The start of the week plunged many into a state of deepest stupor. Over the past six months we have already devoted dozens of reviews preparing our readers for the onset of global problems and the collapse of bubbles in risky asset markets.
The most wrong thing a trader can do in such a situation is to lose an adequate perception of reality and rush into the pursuit of the market. We urge our readers to remain calm and analyze the situation as openly as possible.
Let’s take as example the oil market. Yes, here and now the situation looks completely hopeless. But by and large, all this we already seen in 2014. Situations, of course, are not identical, but in many ways they are similar. So, we can try to draw historical parallels and predict the future development of events and market prices. What happened when the last time oil prices went below $ 30 (WTI)? By the will of the key oil market participants, the current reality at that time was changed (meaning the signing of the first OPEC + agreement).
Actually, here and now everything can be repeated. It is not so difficult to imagine the situation of the OPEC + emergency meeting already at the end of this or next week, at which Russia agrees to cut the production and the situation will turn upside down. Given how dependent the Russian economy is on hydrocarbons, this is the only reasonable option for a country if it does not want to become a second Venezuela.

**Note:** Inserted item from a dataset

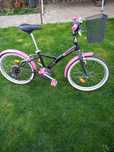 Vând bicicletă B-TWIN de fată vârsta 6-9 ani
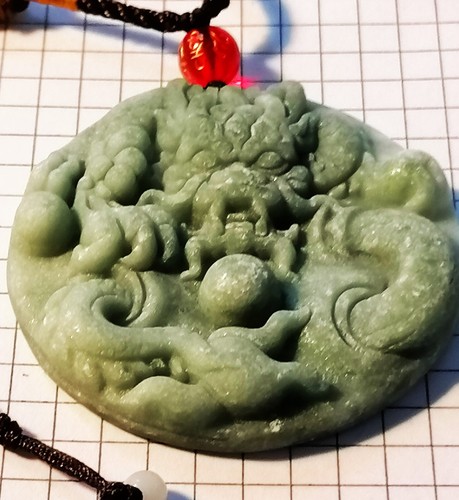Jade drachen amulett kraft - drachen,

That is, banal logic suggests that selling oil at current prices is a very risky thing. But purchases, on the contrary, are promising.
Similar thoughts can be presented for the US dollar. Beating of USD in the FOREX, given the current form of the US economy and other countries is undeserved. Yes, the Fed has already lowered the rate, and the ECB has not yet, respectively, the rate differential has narrowed, but it is still in favor of the United States.
At the same time, new historical lows on the yield of US treasury bonds indicate that demand for dollars is not falling, but, on the contrary, is growing. That is another logical contradiction that makes us think that the markets are wrong.
The experience of the year 2008 shows that the insanity into which markets plunge headlong is a relatively short-term phenomenon. And ultimately, common sense returns. We have no particular doubts about this. The only doubt is timing. That is, when everything returns to norm.
Of course, go against the market without stops, trying to impose your will, is potentially a margin call. But at the same time, following your line without fanaticism and with reasonable stops will make it possible in the end not only to catch a local correction, but to be at the origins of a big movement.
That is why today we will continue to follow our basic plan: sell EURUSD, buy USDJPY with simultaneous purchases of gold (all positions with hard and rather short stops), sell in the US stock market, and sell the Russian ruble as well.